Destination: Home, a Silicon Valley nonprofit, has been quietly running a prevention program that’s turning heads. The concept is straightforward: by giving people a few thousand dollars when they’re on the brink of losing their housing, you can prevent the trauma of homelessness and save taxpayers tens of thousands in emergency services down the line. It’s an investment in the obvious solution that somehow took us this long to seriously pursue.
The results speak for themselves. When the University of Notre Dame evaluated Santa Clara County’s program, they found that people who received prevention funds were 78% less likely to become homeless compared to similar folks who didn’t get help. The county went from the exhausting cycle where every person housed meant three more fell into homelessness, now that number is down to 1.7. That’s progress.
Starting this fall, Destination: Home is rolling out 10 pilot programs across the country, from San Mateo County to Miami-Dade, Atlanta, Austin, and even tribal communities in Minnesota. The nonprofit raised nearly $80 million from private donors to make this happen, giving each community half a million dollars to plan and at least $5 million to actually run their programs for three years. They’re serious about testing whether this works everywhere, not just in California.
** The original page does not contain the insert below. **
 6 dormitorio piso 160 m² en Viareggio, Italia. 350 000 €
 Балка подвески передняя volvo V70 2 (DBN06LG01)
The Bay Area is already proving it can work at scale. San Francisco saw a 40% reduction in homelessness rates among program participants, while LA County’s AI-powered prevention tool, which actually cold-calls people before they hit crisis mode, found participants were 71% less likely to end up in shelters.
But here’s the thing: preventing homelessness only works if you target the right people. The screening questionnaires and AI models used in these programs help identify who’s genuinely about to lose their housing, but it’s tricky. You don’t want to waste resources on people who could handle it themselves.
Meanwhile, Assembly Bill 1924 is pushing California to develop a statewide prevention strategy by July 2027. It doesn’t come with funding, the state’s facing budget challenges, but advocates see it as laying the groundwork for when money becomes available. As Jennifer Loving, CEO of Destination: Home, puts it: “The single most obvious answer to homelessness is to not let it happen in the first place”.
This shift represents a fundamental rethinking of how we approach homelessness. Instead of endlessly playing catch-up with emergency shelters and permanent supportive housing, we’re actually trying to prevent the crisis. And early evidence suggests it actually works.